On his current tour -- which Byrne calls his most ambitious since the Talking Heads’ legendary “Stop Making Sense” shows -- he’s accompanied by a choreographed 12-piece band on a set of solo songs along with Heads classics. To commemorate his two upcoming stops at Boston’s Blue Hills Bank Pavilion, here’s a run through 10 of the most memorable solo (and almost-solo) tracks from Byrne’s post-Heads repertoire.

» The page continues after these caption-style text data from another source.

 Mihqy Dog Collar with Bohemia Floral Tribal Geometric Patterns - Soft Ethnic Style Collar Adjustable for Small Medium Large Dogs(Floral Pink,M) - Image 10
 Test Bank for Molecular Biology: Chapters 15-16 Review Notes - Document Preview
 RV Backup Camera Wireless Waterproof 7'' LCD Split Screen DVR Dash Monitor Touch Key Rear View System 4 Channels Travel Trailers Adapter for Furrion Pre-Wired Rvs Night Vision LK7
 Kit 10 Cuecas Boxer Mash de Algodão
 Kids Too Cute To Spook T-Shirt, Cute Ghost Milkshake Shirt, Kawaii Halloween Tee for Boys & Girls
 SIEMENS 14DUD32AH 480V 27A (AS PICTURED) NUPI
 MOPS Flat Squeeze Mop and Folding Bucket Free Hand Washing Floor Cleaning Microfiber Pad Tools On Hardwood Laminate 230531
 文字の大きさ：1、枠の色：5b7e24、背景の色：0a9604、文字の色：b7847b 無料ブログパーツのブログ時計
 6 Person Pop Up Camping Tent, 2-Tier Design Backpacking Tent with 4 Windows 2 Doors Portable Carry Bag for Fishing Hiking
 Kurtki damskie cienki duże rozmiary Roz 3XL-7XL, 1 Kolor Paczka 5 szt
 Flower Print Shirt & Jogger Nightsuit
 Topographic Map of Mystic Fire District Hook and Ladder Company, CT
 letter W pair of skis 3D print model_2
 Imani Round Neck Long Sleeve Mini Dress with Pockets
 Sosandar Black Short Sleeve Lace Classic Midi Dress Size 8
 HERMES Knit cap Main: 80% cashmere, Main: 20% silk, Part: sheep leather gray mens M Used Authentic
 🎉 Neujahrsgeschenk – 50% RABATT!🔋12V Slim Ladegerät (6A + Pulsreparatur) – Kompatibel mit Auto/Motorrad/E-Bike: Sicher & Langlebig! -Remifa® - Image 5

“Loco De Amor,” from Rei Momo (1989). Byrne’s first solo disc remains a masterpiece, merging his typically quirky lyrics with styles from merengue and samba to mambo, cumbia, and cha-cha-chá. This track, backed by Celia Cruz and featured on the “Something Wild” soundtrack, exemplifies the album’s raucous spirit.

“Now I’m Your Mom,” from Uh-Oh (1992). The message may be a bit muddled -- Byrne’s song, about a man breaking it to his child that he is now a she, employs a host of points of view, and sometimes it’s hard to keep up. But that he was singing about transgender issues at all in 1992 is remarkable, and that’s some funky bassline.

“Buck Naked,” from David Byrne (1994). Byrne boasted a rawer sound -- and much longer hair -- on this spare and effective release. This track, which makes a case for lowering our defenses and embracing our common ground (“We’re all naked if you turn us inside out,” Byrne points out) is, sadly, not about George Costanza’s porn name.

“Miss America,” from Feelings (1997). Byrne has spent a career stripping away America’s shiny veneer, and this track -- where he declares of the titular nation, “I know how tall she is without her platform shoes” -- is no exception. In fact, it’s never been timelier.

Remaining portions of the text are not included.